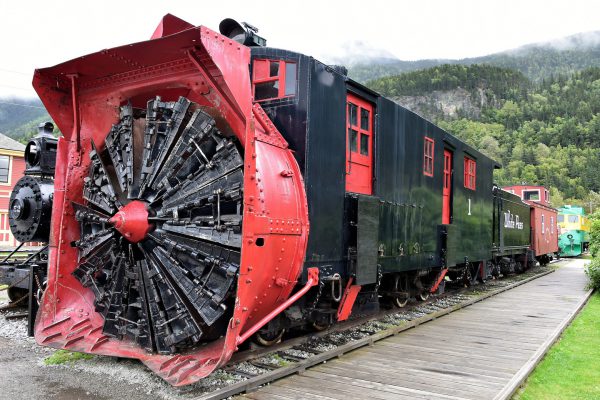 Rotary Snowplow #1 in Skagway, Alaska - Encircle Photos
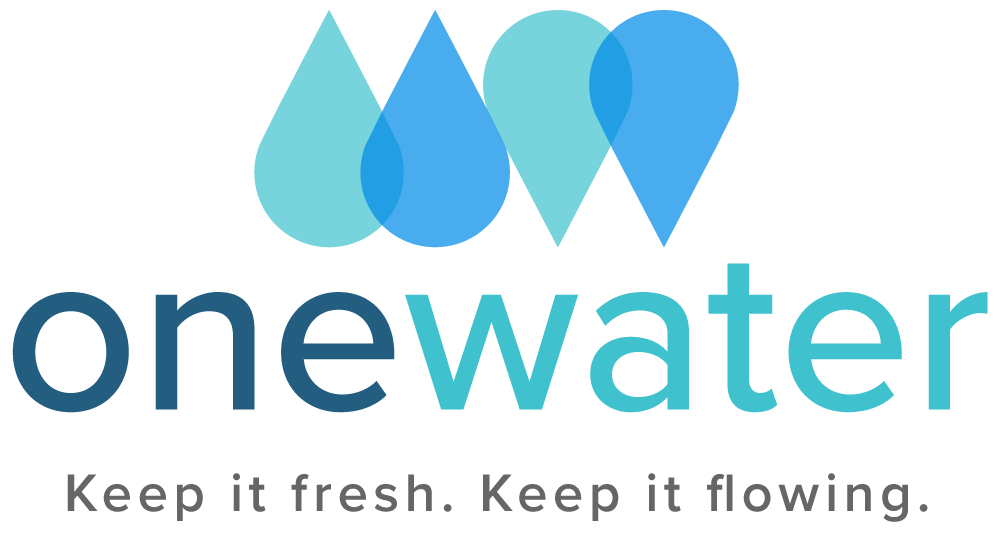 A logo reading "One Water. Keep it fresh. Keep it flowing."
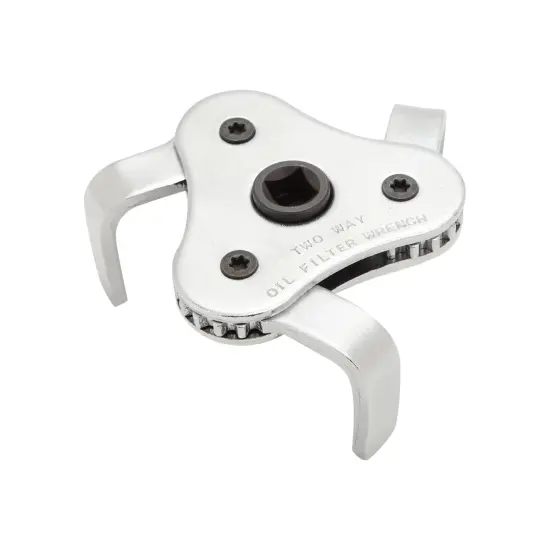 Adjustable 3 Jaw Oil Filter Wrench with Adapter and Plier Tool Set for Auto Care Black {5}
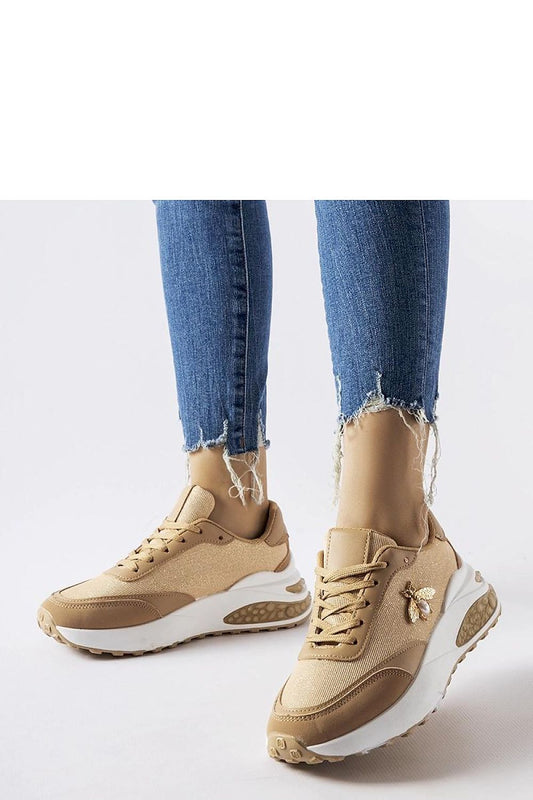 Solea Acciano Eco-Leather Sneakers in elegant brown and white, showcasing unique decorative stitching, perfect for luxurious comfort during spring and summer.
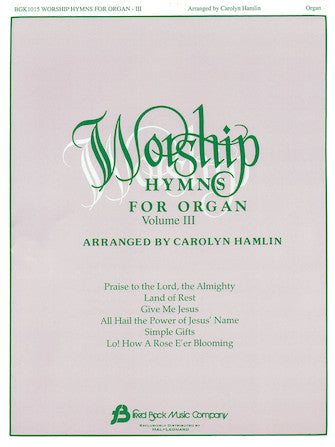 Worship Hymns for Organ - Volume 3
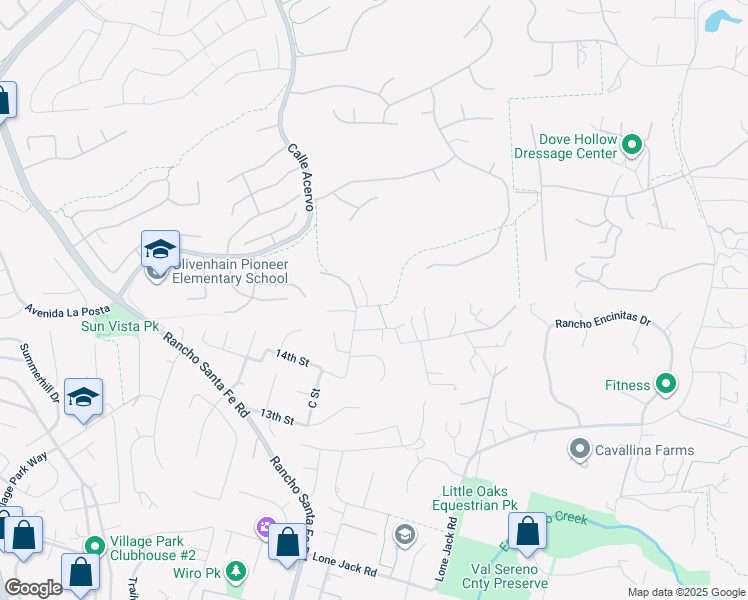 map of restaurants, bars, coffee shops, grocery stores, and more near 1309 Portola Road in Encinitas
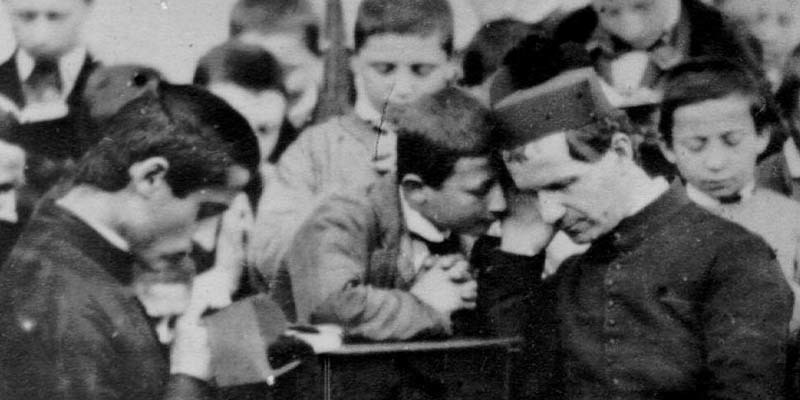 Don Bosco gyónásra hív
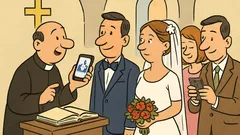Vic: Svećenik na vjenčanju traži lajk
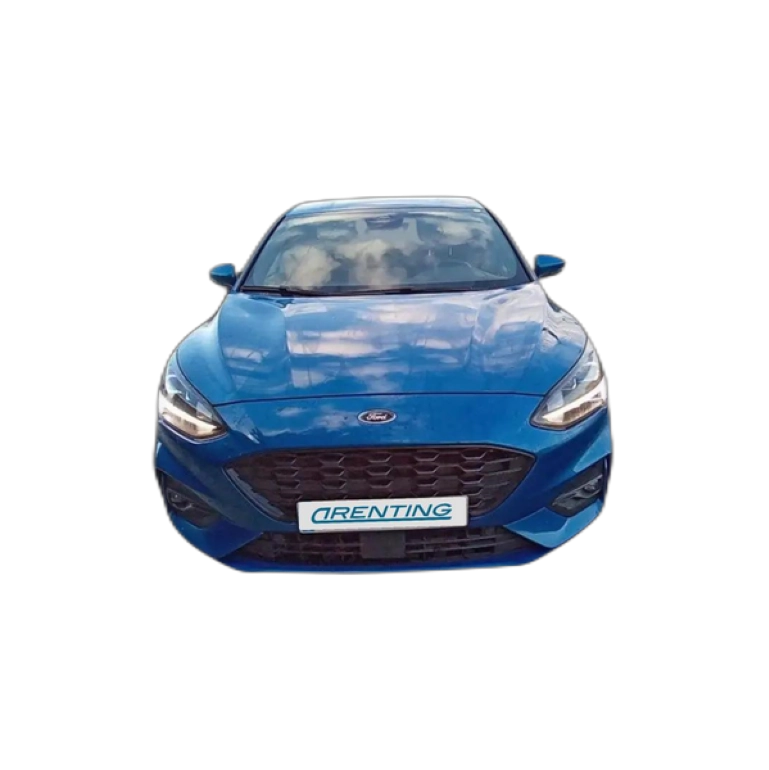 Renting Ford Focus 1.0 Ecoboost MHEV ST Line 125 Azul 2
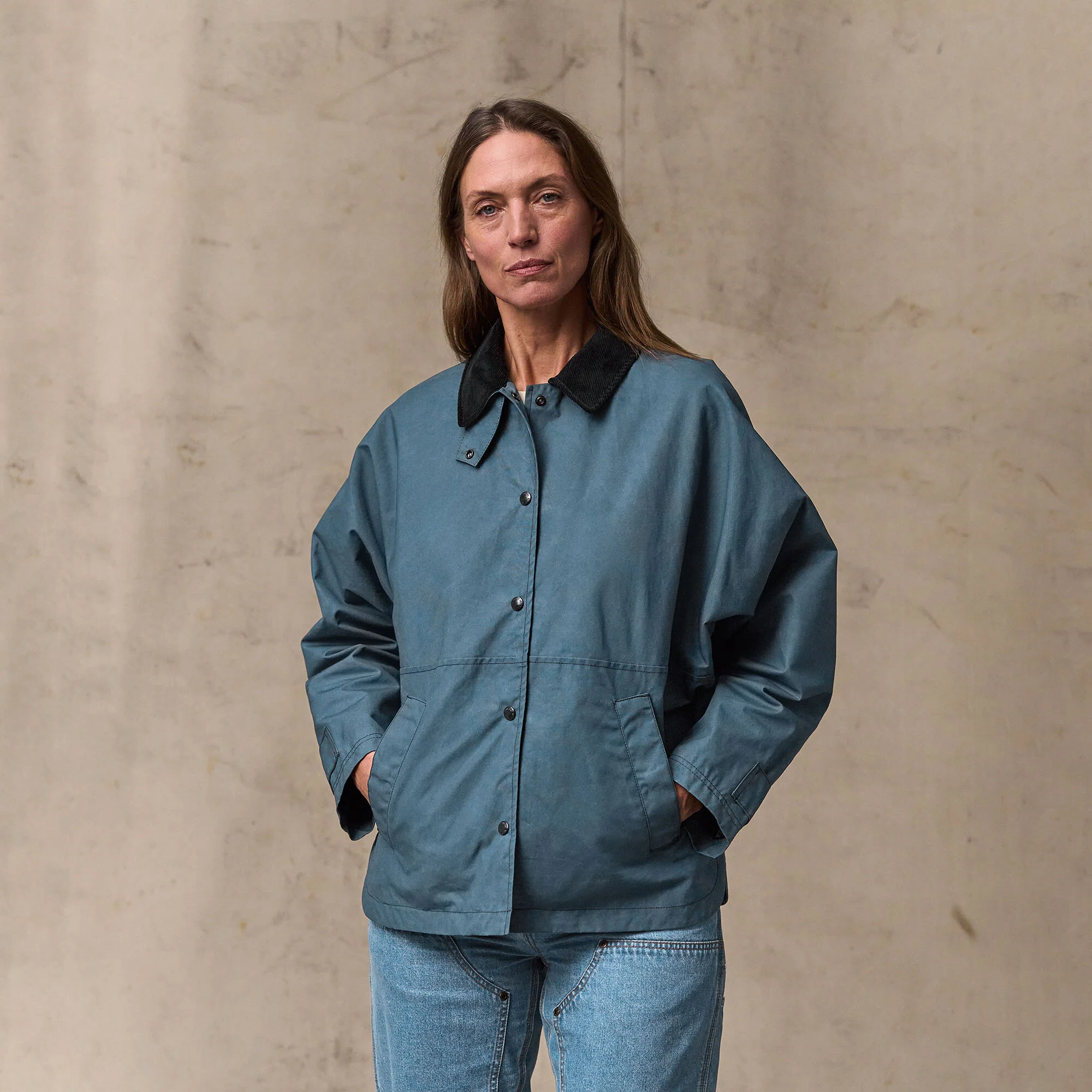 WOMEN’S HARBOR FRONT WAXED JACKET - Image 9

- - - -

• _EXERCISE DIRECTIONS_
Word for word, restate all of the material above except its pictures.

• _RESULT OF THIS TASK_
 Rotary Snowplow #1 in Skagway, Alaska - Encircle Photos
 A logo reading "One Water. Keep it fresh. Keep it flowing."
 Adjustable 3 Jaw Oil Filter Wrench with Adapter and Plier Tool Set for Auto Care Black {5}
 Solea Acciano Eco-Leather Sneakers in elegant brown and white, showcasing unique decorative stitching, perfect for luxurious comfort during spring and summer.
 Worship Hymns for Organ - Volume 3
 map of restaurants, bars, coffee shops, grocery stores, and more near 1309 Portola Road in Encinitas
 Don Bosco gyónásra hív
Vic: Svećenik na vjenčanju traži lajk
 Renting Ford Focus 1.0 Ecoboost MHEV ST Line 125 Azul 2
 WOMEN’S HARBOR FRONT WAXED JACKET - Image 9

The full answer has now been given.